Moyens pour l’incident

Sur les conclusions et pièces tardives et l’incompétence du juge de la mise en état

12. Les demanderesses demandent le rejet des conclusions signifiées le 5 octobre, soit peu de temps avant la « clôture » fixée par le juge de la mise en état au 6 octobre 2022 ; des conclusions de la société Beuscher signifiées le 11 octobre ; ainsi que d’une pièce no10 des consorts [K], qui aurait été communiquée elle aussi après le 6 octobre.

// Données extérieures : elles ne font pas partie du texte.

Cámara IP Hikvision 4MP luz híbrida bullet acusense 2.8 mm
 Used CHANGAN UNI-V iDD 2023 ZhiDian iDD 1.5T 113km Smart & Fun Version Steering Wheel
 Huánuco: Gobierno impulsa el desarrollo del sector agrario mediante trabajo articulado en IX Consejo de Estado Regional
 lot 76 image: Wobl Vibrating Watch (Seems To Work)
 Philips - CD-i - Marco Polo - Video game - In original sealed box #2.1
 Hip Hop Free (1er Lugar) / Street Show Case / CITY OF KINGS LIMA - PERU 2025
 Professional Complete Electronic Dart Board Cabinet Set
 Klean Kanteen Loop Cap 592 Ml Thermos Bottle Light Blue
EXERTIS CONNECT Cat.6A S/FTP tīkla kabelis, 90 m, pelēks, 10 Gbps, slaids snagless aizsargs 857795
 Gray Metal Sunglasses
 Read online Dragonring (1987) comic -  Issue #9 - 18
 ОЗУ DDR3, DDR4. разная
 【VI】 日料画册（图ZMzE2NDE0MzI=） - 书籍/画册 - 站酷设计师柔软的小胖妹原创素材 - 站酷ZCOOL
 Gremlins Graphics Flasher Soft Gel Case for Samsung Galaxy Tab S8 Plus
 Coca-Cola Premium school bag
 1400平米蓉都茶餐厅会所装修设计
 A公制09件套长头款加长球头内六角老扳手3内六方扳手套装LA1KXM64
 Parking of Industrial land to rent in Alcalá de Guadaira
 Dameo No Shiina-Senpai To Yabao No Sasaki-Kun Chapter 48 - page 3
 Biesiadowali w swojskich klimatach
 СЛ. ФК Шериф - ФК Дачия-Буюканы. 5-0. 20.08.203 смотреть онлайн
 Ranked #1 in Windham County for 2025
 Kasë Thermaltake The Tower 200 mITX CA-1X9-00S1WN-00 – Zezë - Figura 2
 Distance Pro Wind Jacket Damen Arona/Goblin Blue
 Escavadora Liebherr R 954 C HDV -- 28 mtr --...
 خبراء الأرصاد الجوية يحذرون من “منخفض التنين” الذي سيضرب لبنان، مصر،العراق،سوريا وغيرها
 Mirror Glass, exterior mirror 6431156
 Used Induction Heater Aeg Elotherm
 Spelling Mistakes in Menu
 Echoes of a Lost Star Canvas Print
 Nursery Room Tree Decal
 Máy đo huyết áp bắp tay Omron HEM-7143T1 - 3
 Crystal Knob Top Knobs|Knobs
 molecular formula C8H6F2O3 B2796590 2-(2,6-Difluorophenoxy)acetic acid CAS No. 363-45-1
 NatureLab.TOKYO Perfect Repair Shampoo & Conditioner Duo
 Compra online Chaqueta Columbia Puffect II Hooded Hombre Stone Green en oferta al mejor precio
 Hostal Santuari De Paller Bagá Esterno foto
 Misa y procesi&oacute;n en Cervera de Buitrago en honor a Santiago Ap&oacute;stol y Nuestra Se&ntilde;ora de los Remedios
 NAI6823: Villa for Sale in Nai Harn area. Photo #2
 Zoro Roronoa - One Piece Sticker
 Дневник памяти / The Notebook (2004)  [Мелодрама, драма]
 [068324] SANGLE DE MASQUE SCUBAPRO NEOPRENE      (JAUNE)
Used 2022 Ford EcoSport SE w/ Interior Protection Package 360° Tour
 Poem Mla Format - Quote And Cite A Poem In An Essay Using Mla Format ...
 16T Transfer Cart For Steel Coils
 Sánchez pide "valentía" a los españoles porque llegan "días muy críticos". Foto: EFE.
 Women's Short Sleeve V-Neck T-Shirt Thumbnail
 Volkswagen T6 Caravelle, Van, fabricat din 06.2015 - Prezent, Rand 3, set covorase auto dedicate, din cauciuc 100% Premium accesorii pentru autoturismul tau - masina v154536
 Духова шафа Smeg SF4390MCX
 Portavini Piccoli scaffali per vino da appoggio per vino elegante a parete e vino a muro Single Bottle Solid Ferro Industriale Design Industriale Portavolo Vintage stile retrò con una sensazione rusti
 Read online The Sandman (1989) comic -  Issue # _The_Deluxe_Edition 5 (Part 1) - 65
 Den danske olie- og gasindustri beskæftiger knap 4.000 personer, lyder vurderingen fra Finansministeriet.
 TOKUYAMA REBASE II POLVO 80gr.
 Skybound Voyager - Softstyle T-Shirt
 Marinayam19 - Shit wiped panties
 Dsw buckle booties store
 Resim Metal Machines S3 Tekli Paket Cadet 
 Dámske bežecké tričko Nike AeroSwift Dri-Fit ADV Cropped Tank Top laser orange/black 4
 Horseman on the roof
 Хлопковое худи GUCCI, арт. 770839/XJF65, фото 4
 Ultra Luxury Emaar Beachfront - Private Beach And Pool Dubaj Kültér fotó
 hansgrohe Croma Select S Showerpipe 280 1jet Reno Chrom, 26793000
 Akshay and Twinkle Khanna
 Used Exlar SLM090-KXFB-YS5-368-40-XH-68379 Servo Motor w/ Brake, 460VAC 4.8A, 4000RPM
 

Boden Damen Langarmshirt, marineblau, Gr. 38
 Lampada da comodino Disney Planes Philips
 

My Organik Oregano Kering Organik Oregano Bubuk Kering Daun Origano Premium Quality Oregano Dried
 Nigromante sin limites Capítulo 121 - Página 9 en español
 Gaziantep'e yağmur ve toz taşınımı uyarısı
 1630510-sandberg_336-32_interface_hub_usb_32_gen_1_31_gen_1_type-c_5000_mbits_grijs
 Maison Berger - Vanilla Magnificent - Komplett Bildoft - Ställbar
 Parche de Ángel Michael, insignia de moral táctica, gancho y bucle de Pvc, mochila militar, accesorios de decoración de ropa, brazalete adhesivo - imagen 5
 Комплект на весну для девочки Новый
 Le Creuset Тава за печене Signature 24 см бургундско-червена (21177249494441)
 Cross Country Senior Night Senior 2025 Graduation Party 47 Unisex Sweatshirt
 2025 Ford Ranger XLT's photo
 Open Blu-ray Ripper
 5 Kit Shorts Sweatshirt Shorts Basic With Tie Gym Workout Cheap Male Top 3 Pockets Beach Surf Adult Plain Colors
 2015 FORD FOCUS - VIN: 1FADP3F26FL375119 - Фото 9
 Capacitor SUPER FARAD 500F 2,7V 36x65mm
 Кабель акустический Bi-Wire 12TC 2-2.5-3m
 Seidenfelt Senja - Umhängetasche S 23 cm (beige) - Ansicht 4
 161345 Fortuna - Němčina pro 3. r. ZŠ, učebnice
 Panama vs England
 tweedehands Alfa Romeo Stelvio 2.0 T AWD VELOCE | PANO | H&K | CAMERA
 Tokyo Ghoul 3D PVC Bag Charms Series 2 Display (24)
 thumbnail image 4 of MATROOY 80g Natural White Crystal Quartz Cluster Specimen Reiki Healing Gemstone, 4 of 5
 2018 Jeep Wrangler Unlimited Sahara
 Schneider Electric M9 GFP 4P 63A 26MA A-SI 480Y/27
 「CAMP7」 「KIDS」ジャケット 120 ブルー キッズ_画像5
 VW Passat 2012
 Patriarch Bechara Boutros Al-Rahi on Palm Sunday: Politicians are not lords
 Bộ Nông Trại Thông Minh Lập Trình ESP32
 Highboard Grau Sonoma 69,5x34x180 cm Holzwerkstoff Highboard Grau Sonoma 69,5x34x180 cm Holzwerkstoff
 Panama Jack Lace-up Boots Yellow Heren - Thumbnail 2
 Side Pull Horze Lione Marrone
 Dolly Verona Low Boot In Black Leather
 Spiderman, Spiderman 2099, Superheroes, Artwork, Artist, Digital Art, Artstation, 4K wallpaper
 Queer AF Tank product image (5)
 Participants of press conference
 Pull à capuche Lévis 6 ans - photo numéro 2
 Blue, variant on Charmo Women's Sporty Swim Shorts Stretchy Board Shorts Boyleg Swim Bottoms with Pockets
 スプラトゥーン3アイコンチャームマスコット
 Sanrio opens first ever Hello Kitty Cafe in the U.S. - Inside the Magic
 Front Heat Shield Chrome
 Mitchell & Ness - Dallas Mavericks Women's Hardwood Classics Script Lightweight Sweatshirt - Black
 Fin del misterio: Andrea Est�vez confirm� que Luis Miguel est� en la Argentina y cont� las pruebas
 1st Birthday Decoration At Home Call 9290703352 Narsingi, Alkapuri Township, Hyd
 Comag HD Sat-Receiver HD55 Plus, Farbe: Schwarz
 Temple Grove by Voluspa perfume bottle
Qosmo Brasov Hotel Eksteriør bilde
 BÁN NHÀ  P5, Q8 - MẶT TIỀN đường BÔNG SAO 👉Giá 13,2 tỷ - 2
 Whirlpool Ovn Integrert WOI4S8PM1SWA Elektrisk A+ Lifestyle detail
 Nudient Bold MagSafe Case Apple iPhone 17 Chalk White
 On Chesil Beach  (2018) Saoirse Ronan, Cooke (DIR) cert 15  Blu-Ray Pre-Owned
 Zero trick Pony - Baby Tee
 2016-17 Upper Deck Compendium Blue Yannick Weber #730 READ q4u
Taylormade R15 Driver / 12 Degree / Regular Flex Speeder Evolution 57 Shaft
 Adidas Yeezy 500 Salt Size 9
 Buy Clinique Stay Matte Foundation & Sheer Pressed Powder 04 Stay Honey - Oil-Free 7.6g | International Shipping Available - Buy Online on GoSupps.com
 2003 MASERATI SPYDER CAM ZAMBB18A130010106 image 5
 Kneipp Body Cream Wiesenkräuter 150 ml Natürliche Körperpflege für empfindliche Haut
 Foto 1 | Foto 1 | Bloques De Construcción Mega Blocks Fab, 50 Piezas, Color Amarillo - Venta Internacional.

13. Elles estiment subsidiairement que sont des défenses au fond, relevant du tribunal, et non des fins de non-recevoir relevant du juge de la mise en état, les moyens de Mmes [S] tenant à l’existence d’un contrat d’édition, à une oeuvre posthume, et à la durée des droits dans le monde.

Prescription

14. Sur la prescription, aux défendeurs qui font valoir que la chanson La Vie en rose est exploitée massivement depuis 1947, les demanderesses exposent, en premier lieu, que leur grand-père, qui vivait seul avec son fils, isolé, dans le contexte difficile de l’après-guerre, étant même devenu agriculteur et se désintéressant de la gestion du droit d’auteur, notion qui d’ailleurs « n’était pas aussi développé[e] à l’époque », n’a découvert l’existence de cette chanson qu’en 1959, alors qu’il était malade, et est mort dès 1962, laissant les droits à leur père qui aurait été dans l’incapacité absolue d’agir, jusqu’à sa mort en 2020, en raison de son « insanité d’esprit », de sorte que la prescription aurait été interrompue et n’aurait recommencé à courir qu’à cette date.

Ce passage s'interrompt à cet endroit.